If I select to "L & TIFF" it does show no. of shot left eg 500

I have googled and found some answer as:
Nikon rounds your pictures left to "1.0K" instead of a true value  Is that true? anyway to show the true value instead of  1.0k ?

Sorry if this has been asked before


----------



## AdrianC (Aug 20, 2010)

I'm guessing 1.0k means over 1000 pictures.


----------



## eurostar (Aug 20, 2010)

Ya I guess so too, but can't it smart enough to tell us exact instead of rounding up?


----------



## AdrianC (Aug 20, 2010)

Well the thing is it's not an exact value anyway, each picture has a slightly different size. 

If you want you could take the size of your memory card and divide it by an average picture size, and that will give you an idea of how many pics it can hold.


----------



## Garbz (Aug 20, 2010)

The answer lies in page 8 of the manual: http://www.nikonusa.com/pdf/manuals/noprint/D700_noprinten.pdf

Look at that top display.

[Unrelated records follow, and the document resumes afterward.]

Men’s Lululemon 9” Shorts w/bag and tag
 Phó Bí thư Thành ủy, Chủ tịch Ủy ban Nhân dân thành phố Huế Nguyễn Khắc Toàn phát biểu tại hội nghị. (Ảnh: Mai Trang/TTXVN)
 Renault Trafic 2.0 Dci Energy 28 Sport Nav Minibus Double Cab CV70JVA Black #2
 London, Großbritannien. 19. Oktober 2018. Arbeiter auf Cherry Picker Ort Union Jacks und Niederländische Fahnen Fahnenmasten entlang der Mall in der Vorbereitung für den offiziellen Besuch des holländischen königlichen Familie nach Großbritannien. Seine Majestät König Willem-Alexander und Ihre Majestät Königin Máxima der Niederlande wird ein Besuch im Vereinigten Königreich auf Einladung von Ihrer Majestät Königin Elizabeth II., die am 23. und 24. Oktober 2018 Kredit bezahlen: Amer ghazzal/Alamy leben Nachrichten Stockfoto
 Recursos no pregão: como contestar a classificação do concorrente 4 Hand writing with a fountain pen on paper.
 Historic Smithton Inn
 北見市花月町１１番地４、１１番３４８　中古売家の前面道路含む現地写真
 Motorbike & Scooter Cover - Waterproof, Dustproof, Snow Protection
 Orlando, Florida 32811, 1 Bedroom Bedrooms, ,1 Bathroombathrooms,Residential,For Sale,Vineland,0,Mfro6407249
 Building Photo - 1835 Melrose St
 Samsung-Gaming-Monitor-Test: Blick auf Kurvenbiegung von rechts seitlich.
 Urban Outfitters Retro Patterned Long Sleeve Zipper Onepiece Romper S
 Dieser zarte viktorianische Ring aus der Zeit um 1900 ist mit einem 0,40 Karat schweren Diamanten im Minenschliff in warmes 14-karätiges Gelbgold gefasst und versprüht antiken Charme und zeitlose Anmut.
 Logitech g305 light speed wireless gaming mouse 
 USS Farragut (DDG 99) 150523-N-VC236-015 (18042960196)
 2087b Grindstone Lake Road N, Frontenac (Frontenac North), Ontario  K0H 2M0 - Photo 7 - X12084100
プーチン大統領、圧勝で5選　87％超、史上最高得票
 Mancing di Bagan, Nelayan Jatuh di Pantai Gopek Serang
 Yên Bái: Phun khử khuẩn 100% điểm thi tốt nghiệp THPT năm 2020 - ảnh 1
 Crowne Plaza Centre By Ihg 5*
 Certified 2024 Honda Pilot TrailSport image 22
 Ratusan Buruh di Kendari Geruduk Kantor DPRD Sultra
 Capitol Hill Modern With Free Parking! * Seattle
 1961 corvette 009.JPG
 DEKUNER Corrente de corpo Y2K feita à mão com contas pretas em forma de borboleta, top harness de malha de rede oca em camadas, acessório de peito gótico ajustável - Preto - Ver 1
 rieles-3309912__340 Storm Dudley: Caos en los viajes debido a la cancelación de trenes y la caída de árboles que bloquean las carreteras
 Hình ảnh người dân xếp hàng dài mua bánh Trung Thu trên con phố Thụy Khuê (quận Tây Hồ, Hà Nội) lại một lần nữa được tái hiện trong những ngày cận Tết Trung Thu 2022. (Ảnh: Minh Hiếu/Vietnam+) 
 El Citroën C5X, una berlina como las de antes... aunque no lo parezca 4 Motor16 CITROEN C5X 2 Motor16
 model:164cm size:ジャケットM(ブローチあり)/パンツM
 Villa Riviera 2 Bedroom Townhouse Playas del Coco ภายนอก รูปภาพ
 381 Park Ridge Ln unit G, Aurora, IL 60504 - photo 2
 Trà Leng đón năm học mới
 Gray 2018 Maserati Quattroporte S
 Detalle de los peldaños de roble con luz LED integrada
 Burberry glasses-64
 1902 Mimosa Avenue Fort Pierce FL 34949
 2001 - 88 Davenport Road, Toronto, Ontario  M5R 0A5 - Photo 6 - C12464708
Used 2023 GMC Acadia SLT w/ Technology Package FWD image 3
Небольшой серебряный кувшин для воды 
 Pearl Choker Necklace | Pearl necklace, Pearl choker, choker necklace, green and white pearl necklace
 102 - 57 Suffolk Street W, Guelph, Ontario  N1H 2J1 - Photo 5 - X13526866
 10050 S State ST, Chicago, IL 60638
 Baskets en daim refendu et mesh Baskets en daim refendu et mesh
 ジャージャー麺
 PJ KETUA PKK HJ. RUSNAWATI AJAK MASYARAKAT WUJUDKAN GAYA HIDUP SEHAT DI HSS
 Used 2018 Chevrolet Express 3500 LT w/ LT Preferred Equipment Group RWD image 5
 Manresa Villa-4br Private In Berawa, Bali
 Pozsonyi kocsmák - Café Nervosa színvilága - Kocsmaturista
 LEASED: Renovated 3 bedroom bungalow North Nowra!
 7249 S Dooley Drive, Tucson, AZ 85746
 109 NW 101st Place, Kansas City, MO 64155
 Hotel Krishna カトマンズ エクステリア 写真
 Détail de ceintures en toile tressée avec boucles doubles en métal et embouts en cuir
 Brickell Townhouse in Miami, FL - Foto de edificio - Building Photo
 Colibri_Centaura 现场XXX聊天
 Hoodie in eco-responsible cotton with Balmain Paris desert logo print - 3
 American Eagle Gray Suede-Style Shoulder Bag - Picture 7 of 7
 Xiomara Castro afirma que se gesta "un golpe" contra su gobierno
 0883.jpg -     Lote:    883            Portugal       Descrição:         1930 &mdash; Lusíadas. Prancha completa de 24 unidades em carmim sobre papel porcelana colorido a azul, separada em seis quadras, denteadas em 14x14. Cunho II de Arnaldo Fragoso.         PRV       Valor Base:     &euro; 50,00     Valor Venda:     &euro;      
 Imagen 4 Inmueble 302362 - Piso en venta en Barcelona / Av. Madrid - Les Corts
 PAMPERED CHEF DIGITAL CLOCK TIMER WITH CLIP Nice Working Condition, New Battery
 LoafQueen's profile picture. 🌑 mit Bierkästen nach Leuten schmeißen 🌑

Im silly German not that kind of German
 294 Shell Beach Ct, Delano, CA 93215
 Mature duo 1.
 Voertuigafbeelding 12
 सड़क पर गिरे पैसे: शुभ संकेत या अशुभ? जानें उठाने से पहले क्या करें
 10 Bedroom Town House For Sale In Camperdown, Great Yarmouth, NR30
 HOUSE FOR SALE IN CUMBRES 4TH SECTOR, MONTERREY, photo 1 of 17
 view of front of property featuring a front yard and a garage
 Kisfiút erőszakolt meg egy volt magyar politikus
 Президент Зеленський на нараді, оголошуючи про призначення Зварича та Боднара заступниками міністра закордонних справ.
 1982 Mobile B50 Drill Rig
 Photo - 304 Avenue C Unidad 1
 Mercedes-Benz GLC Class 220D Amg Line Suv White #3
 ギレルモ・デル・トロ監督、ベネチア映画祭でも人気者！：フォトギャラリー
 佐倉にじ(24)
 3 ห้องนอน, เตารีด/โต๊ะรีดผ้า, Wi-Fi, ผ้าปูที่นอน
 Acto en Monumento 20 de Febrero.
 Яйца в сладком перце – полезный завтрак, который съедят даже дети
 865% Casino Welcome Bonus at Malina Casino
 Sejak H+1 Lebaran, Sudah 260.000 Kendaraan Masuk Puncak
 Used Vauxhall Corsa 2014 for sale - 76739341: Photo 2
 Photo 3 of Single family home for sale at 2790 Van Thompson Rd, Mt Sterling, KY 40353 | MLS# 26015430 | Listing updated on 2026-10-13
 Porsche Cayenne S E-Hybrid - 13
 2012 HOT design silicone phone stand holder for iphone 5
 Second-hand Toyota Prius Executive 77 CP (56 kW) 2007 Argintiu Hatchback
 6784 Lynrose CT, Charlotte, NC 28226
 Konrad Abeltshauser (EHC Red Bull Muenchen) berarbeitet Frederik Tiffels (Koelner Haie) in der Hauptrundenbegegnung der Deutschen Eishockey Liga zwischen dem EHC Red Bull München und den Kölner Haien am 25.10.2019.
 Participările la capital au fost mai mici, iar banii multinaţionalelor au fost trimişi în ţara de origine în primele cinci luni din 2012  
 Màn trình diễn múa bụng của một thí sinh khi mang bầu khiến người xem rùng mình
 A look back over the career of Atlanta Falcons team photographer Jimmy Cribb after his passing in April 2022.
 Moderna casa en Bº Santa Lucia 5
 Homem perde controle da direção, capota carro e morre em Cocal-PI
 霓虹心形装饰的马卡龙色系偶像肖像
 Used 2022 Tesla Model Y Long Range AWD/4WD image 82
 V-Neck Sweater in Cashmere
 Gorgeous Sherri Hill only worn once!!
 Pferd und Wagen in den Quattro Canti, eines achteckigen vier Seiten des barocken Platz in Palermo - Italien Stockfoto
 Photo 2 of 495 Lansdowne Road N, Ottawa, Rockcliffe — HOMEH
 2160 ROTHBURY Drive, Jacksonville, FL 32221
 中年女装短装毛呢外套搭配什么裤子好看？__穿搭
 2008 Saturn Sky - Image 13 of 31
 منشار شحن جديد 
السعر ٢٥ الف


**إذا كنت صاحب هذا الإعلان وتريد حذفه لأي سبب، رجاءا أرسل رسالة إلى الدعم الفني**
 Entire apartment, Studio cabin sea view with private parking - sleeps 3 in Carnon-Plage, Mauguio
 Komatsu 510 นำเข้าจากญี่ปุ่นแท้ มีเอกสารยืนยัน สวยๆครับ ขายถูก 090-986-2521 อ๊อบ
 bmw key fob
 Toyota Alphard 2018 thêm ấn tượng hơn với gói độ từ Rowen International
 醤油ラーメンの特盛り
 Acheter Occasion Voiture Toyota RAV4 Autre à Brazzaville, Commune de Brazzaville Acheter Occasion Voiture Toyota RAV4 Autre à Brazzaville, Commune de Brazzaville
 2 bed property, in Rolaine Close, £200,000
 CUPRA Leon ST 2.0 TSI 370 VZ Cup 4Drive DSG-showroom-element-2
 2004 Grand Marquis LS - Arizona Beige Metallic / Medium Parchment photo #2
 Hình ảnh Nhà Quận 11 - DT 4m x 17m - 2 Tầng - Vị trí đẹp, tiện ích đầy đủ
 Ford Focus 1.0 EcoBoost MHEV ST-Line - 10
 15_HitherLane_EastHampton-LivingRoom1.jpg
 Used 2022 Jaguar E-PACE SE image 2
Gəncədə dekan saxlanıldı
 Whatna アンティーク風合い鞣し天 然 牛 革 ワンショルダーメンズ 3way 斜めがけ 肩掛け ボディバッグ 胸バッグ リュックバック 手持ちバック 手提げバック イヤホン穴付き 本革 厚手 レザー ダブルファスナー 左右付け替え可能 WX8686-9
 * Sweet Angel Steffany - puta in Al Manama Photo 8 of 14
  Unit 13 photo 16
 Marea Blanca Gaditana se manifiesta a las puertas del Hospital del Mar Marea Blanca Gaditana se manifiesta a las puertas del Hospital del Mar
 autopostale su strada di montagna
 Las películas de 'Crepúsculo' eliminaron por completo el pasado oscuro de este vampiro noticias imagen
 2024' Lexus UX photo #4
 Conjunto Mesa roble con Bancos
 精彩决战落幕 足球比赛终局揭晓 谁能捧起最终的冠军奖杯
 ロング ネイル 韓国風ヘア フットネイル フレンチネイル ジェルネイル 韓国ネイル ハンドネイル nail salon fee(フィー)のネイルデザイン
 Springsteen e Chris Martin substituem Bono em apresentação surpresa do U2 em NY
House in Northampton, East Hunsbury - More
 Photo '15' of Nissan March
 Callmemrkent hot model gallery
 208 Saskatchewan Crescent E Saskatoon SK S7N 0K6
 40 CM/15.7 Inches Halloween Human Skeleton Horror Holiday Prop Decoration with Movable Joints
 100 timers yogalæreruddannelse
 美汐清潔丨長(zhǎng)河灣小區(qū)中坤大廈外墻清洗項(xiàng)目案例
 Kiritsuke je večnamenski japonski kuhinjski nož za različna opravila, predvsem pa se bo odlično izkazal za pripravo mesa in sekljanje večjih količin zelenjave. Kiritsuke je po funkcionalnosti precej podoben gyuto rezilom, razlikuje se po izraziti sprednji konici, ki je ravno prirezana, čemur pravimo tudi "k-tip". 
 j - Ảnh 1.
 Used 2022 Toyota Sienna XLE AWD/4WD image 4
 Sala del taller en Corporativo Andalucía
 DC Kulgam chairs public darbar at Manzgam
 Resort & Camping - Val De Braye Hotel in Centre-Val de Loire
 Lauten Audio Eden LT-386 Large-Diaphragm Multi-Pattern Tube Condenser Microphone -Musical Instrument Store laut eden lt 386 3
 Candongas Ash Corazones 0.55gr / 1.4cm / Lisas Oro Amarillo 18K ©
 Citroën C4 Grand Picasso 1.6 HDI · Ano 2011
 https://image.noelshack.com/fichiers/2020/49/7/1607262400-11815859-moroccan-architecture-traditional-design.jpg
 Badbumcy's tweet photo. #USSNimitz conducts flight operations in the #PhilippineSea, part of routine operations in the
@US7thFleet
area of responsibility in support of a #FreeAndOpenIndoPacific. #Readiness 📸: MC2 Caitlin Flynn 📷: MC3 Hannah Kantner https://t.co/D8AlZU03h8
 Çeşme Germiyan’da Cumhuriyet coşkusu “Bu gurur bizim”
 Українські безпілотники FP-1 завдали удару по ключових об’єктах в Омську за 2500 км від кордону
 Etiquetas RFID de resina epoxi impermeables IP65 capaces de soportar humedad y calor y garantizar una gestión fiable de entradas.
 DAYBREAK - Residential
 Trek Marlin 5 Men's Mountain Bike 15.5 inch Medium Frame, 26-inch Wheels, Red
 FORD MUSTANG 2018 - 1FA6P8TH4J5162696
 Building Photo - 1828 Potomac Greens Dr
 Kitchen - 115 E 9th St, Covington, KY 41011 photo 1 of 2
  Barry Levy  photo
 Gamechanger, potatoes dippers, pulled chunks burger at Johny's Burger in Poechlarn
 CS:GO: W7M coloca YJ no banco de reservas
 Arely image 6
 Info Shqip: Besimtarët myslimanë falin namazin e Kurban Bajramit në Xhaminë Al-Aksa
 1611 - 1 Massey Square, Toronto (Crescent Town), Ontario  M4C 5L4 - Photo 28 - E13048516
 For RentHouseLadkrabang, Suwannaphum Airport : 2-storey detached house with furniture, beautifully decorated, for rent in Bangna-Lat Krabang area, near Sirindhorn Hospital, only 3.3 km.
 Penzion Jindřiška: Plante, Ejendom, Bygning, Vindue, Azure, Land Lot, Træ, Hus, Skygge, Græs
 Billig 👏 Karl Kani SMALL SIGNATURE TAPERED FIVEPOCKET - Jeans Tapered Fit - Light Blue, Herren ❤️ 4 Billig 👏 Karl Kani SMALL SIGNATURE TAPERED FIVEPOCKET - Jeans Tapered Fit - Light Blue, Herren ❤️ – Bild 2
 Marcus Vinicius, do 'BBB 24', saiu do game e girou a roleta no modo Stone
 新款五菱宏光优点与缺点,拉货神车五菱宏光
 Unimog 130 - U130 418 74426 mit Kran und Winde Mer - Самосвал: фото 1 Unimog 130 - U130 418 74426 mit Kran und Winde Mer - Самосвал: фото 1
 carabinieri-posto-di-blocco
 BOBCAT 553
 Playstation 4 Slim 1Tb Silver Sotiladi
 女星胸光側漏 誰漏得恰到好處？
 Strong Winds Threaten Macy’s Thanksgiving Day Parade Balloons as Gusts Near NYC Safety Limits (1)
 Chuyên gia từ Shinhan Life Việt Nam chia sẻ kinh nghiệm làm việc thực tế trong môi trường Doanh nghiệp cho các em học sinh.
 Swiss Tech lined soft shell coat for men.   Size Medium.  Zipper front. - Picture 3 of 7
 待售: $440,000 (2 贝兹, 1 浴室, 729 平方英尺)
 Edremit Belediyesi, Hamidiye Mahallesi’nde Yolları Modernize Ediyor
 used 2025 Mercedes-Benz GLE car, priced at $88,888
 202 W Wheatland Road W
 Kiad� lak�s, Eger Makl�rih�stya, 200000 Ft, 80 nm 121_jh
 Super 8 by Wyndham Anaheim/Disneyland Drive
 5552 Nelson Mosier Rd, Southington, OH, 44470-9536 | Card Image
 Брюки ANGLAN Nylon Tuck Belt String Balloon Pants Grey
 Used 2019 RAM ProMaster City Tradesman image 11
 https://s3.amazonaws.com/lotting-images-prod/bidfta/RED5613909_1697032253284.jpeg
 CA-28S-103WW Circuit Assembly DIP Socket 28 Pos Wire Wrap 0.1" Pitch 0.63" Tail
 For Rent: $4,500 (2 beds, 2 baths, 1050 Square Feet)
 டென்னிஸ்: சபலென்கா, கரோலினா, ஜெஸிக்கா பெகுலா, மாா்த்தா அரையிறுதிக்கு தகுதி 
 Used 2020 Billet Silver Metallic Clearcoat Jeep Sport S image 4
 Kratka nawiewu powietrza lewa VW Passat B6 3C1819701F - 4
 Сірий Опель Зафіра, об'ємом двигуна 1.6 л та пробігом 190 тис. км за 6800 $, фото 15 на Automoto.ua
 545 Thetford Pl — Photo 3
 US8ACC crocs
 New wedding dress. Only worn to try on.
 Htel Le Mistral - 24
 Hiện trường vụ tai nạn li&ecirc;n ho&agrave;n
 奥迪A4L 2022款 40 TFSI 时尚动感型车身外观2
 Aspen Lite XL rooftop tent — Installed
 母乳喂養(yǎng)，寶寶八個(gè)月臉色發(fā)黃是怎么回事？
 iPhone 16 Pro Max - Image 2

Where on earth are you going to fit an extra digit, let alone 2. At some point you need to drop the last numbers off and just drop in the "k" value. 
k = kilo, SI notation for 1000 

Also some examples for file sizes from a 10mpx camera:
5mb jpeg on a 16GB card = "3.2k" files
4mb jpeg on a 16GB card = "4k" files.

Given that a variance of a megabyte results in an uncertainty of about 20%, Your values are not just rounded. They are plain and simply outright estimated based on a standard value and the remaining free space on the card. The difference between a bright detailed scene and a dark scene on file size is significant. For JPEG, the differences in compression of a yellowish image and a bluish image is significant. Consider a variance of 1MB a conservative value for compression.


----------



## Mbnmac (Aug 20, 2010)

At 1k photos, why do you need to know?

If it only ever had 2 digit numbers then you could be worried, but you'll know you're far from running out as is


----------



## eurostar (Aug 20, 2010)

OKie...think I understand now 
Thank you all.


----------



## Cedar (Aug 20, 2010)

Just like my 50D gives up at 999 photos.

Like other said, why do you need to know past 1k? Haha


----------